---
title: Give Hermes Agent a Voice with ElevenLabs
summary: >-
  Hermes Agent ships with no voice by default. This guide adds one with
  ElevenLabs — Text to Speech for its replies and Speech to Text (Scribe) for
  transcribing what you say — both as simple provider config in Hermes.
author: ElevenLabs Developers
authorUrl: 'https://x.com/ElevenLabsDevs'
category: Integrations
difficulty: Beginner
readingTime: 5
date: '2026-06-25'
tags:
  - voice
  - text-to-speech
  - speech-to-text
  - elevenlabs
  - scribe
  - config
integrations:
  - Hermes Agent
  - ElevenLabs
  - Telegram
  - Discord
  - WhatsApp
  - Slack
  - Signal
---

## Why give Hermes a voice

Hermes Agent runs in your terminal, in messaging apps, and on your phone. By default it has no voice. This guide walks you through how to add one: ElevenLabs **Text to Speech** for its replies, and **Speech to Text** for transcribing what you say. Both are provider config in Hermes — no custom scripts required.

The end result: you speak, Hermes hears you with Scribe, thinks, and answers back in your chosen ElevenLabs voice.

## Setup

Get an API key from the ElevenLabs dashboard and add it to `~/.hermes/.env`:

```shell
ELEVENLABS_API_KEY=your_key_here
```

If the ElevenLabs dependency is missing, install the premium TTS extra into the Hermes environment:

```shell
pip install "hermes-agent[tts-premium]"
```

## Easy setup (let Hermes do it)

Hermes is built to use your machine. To turn on ElevenLabs Text to Speech and Speech to Text, you can simply ask Hermes to configure it for you. Hermes has built-in skills for this and it's quite reliable:

```plaintext
Set ElevenLabs as the voice mode for both TTS and STT. I have already added the API Key into .hermes/.env.
```

The manual steps below do the same thing — they're worth reading because they show how Hermes configuration works under the hood.

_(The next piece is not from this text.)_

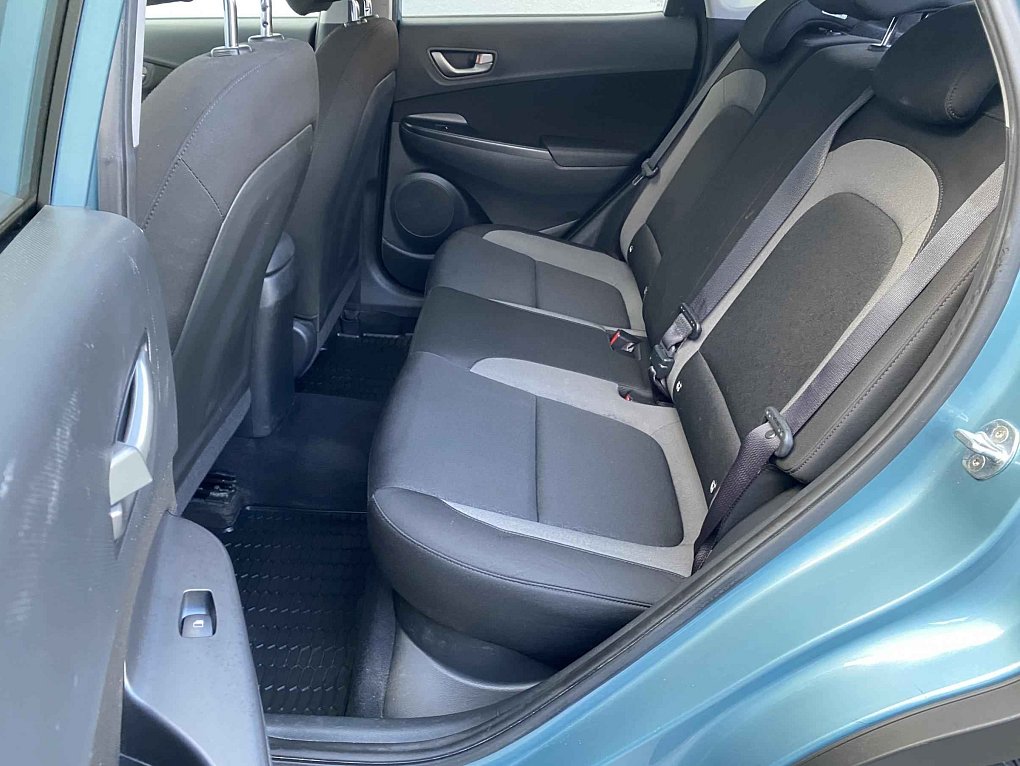 Hyundai Kona 1.0T-GDi 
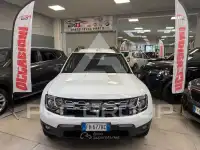 2017 Dacia Duster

## Text to Speech (manual)

Run the setup wizard and pick ElevenLabs at the voice step:

```shell
hermes setup
```

Or edit `~/.hermes/config.yaml` directly:

```yaml
tts:
  provider: "elevenlabs"
  elevenlabs:
    voice_id: "pNInz6obpgDQGcFmaJgB"  # any voice from your library
    model_id: "eleven_flash_v2_5"     # ~75ms, built for real-time
```

`voice_id` is the voice — choose one from the voice library or use a clone. `model_id` defines which model to use: `eleven_flash_v2_5` is a good choice for live conversation (~75ms), while `eleven_multilingual_v2` is a good general-purpose default. Hermes chooses the audio format from the output path.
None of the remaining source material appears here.